**DATASET CONTENT**
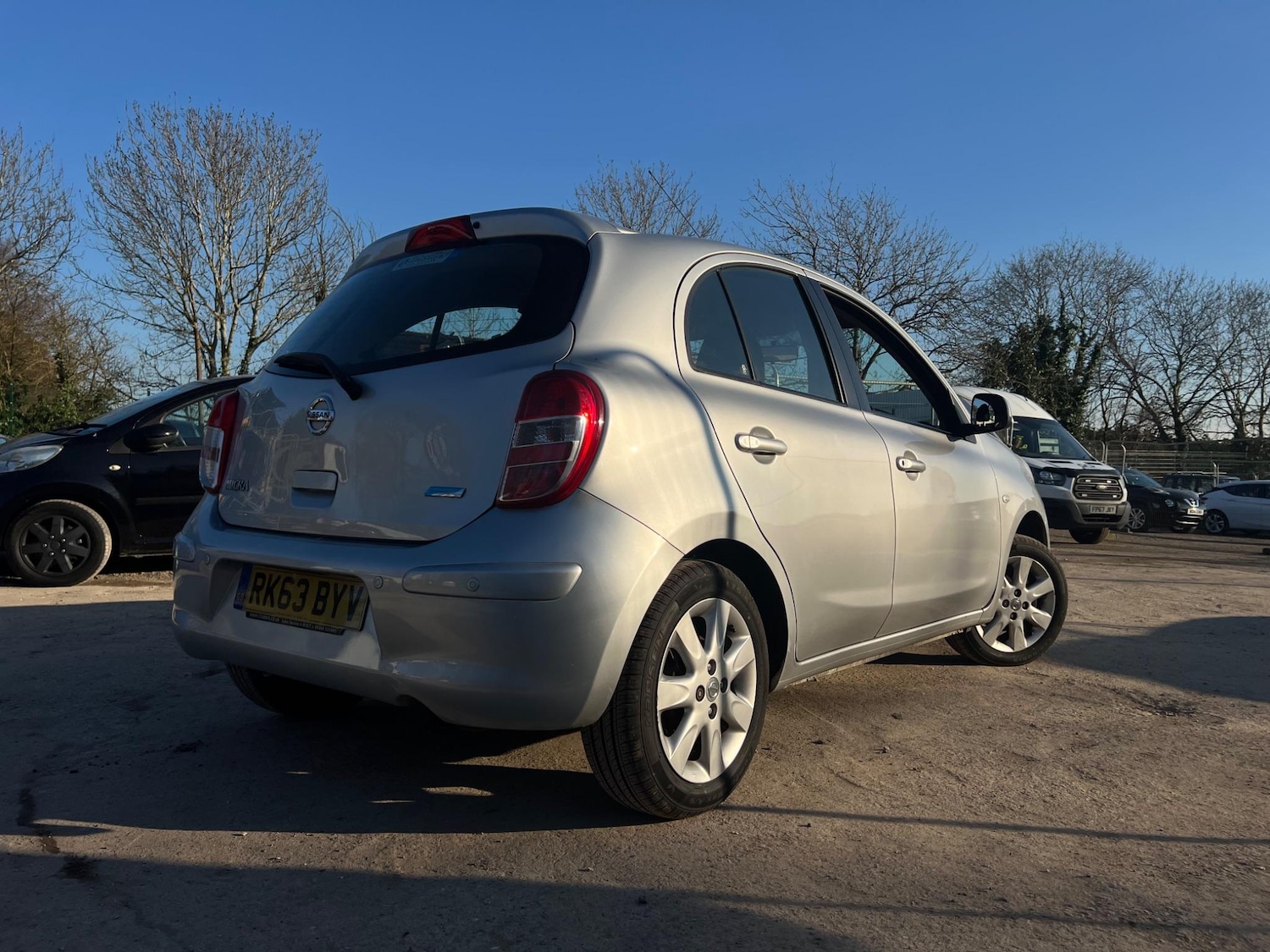 Vehicle 13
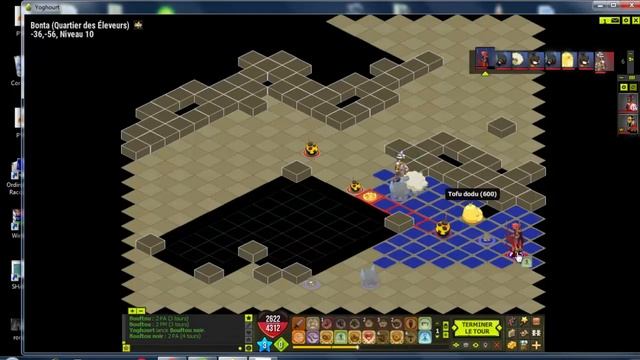 Dofus Pvp Osa 199 Vs Roublard 200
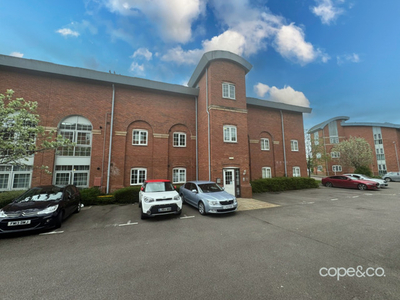 2 Bedroom Apartment For Sale In Burton-on-trent, Staffordshire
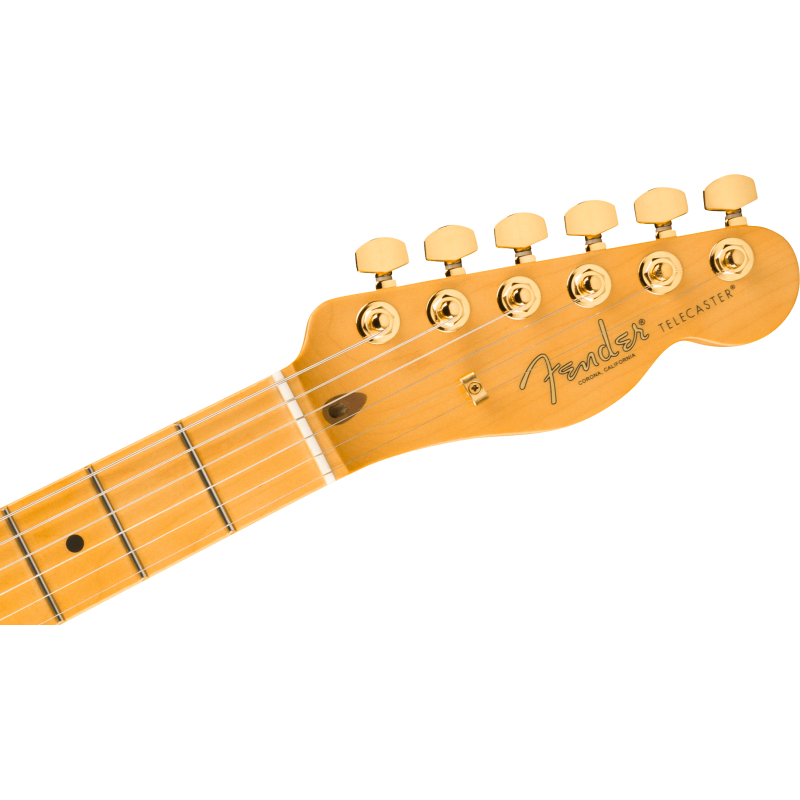 Guitare Electrique FENDER American Pro 75th Anniversary Telecaster MN 2TS - Macca Music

**PROBLEM TO WORK ON**
The listing must be repeated word for word, and none of its pictures may appear in the copy.

**ANSWER TO THIS TASK**
 Vehicle 13
 Dofus Pvp Osa 199 Vs Roublard 200
 2 Bedroom Apartment For Sale In Burton-on-trent, Staffordshire
 Guitare Electrique FENDER American Pro 75th Anniversary Telecaster MN 2TS - Macca Music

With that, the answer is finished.